In its coverage of the story, The Guardian begrudgingly admits “not everyone named in the Pandora papers is suspected of wrongdoing.”
But even the way they state that simple truth is itself an attempt to influence the reader’s opinion. Really? “Not everyone”?
Perhaps a more intellectually honest statement would be: “We have evidence or suspicion of wrongdoing for less than 1% of the people named in this leak.”
But they’ll never say it that way. Because they want you to be angry. They want you to assume that offshore companies are bad, and anyone using them is doing something wrong.
They go on to admit that some people use offshore companies to engage in LEGAL tax avoidance strategies, and that while “this kind of tax avoidance can be legal,” it is “morally questionable.”
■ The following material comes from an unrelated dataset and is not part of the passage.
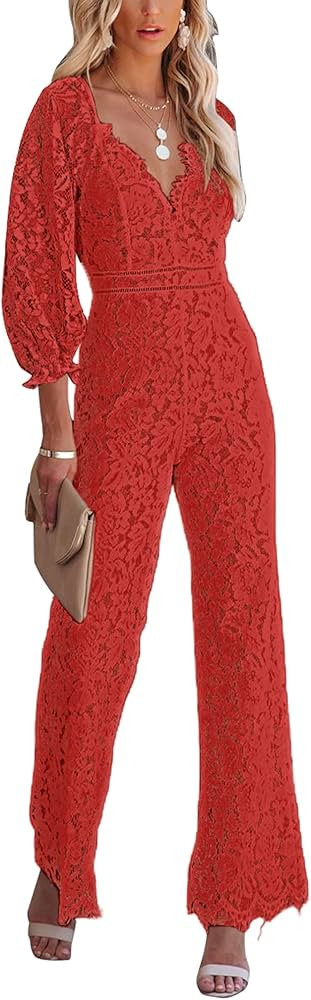 Dikonu Sexy Jumpsuit for Women Lace V Neck Long Puff Sleeve Open Back One Piece Wide-Leg Long Rom... | Amazon (US)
I love how they state that LEGAL tax avoidance is morally questionable… as if it’s self-evident.
They don’t bother to state their case as to WHY they believe it’s morally questionable. They just make the statement without any justification, as if they had just said “the sky is blue.”
It makes me wonder what else they believe is morally questionable… and NOT morally questionable.
How about, for example, spending billions of taxpayer dollars to buy weapons, ammunition, vehicles, and aircraft, only to hand them over to your sworn enemy…?
How about leaving behind American citizens and US allies to said sworn enemy?
How about dropping bombs on children by remote control (and bragging about this as a victory for your bullshit ‘over the horizon’ pie in the sky strategy) ?
Is any of this morally questionable? Or are we only supposed to feign outrage because Shakira has an offshore company?
To me, these are all the reasons why it makes sense to take legal steps to reduce your tax bill.
Neither of us can control what a government does. And most likely they will continue to do things that we disagree with.
They will abandon military equipment to the Taliban. They will kill children by drone strike.
But they’re not going to do it with my money.
I cannot influence government. But I can take completely legal steps to reduce (or even eliminate) the money that I give them.
These faux-journalists think this is morally questionable. Following the law is morally questionable. Using completely legal structures is morally questionable.
And it’s morally questionable simply because they say so.
This is what passes as ‘journalism’ today.